## Required work
Only the lines below from the one that contains "Incarcator retea Baseus" through the one that contains "Funny roadrunner bird" should appear in your answer, exact and without pictures.
Data to use below:
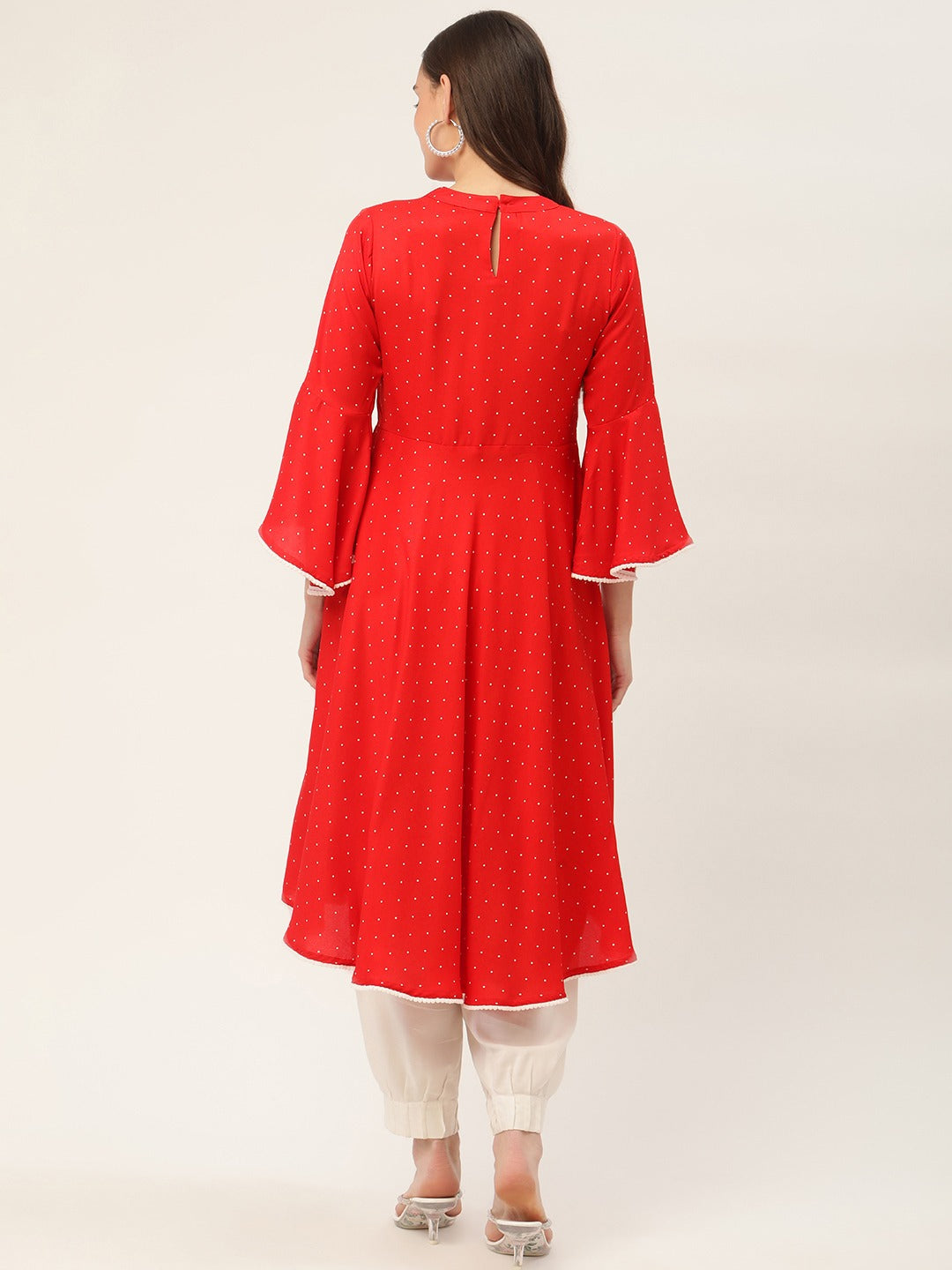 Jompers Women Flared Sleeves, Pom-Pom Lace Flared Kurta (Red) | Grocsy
End of Data to use.
Data to use below:
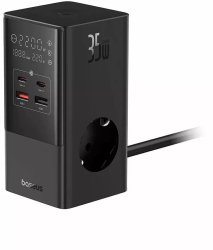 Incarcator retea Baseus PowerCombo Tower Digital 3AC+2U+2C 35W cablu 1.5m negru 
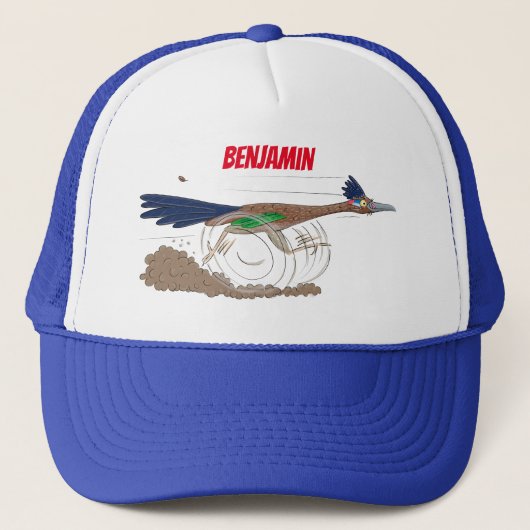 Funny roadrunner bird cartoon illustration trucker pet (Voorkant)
End of Data to use.
## Answer space
 Incarcator retea Baseus PowerCombo Tower Digital 3AC+2U+2C 35W cablu 1.5m negru 
 Funny roadrunner bird cartoon illustration trucker pet (Voorkant)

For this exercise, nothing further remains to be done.